## Work task
Leave every picture out and return the rest of the listing verbatim.

## Given data
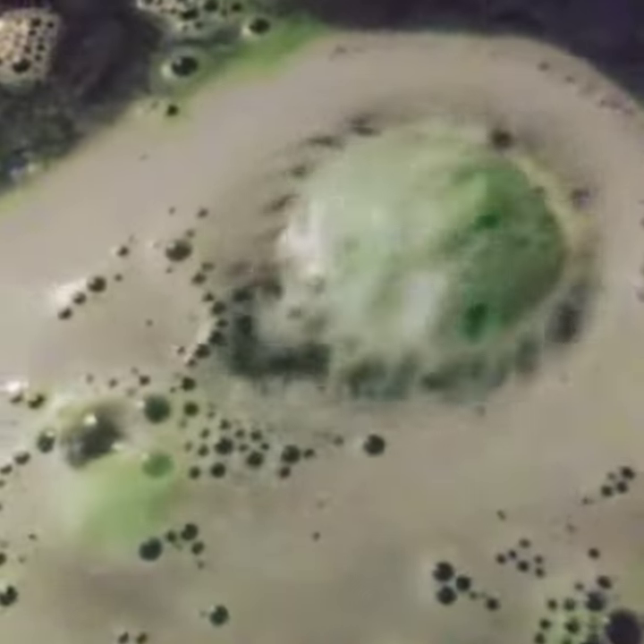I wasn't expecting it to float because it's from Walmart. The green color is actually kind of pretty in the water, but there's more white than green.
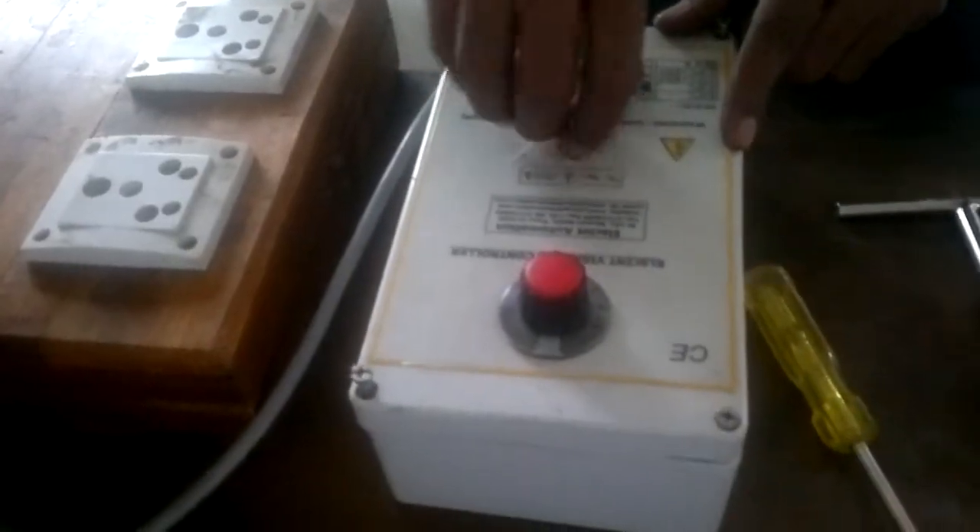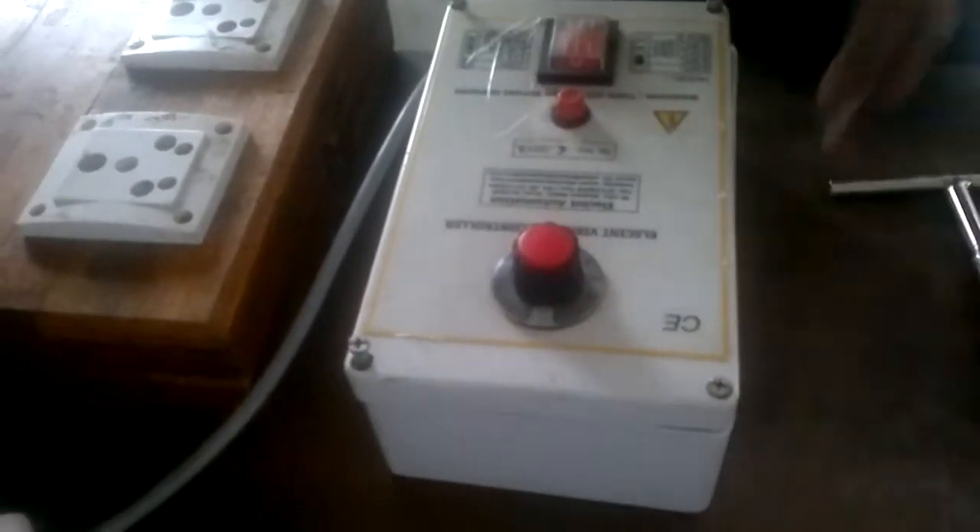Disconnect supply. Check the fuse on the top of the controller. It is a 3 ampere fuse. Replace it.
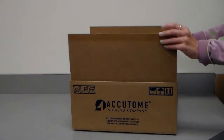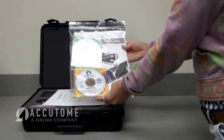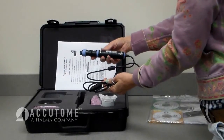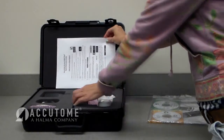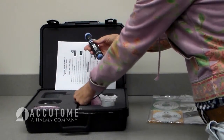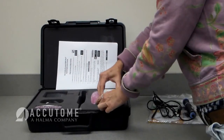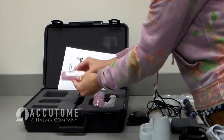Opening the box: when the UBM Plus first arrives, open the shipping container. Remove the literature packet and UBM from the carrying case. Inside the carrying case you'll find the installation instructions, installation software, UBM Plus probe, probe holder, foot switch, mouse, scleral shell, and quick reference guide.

## Reply
I wasn't expecting it to float because it's from Walmart. The green color is actually kind of pretty in the water, but there's more white than green.
Disconnect supply. Check the fuse on the top of the controller. It is a 3 ampere fuse. Replace it.
Opening the box: when the UBM Plus first arrives, open the shipping container. Remove the literature packet and UBM from the carrying case. Inside the carrying case you'll find the installation instructions, installation software, UBM Plus probe, probe holder, foot switch, mouse, scleral shell, and quick reference guide.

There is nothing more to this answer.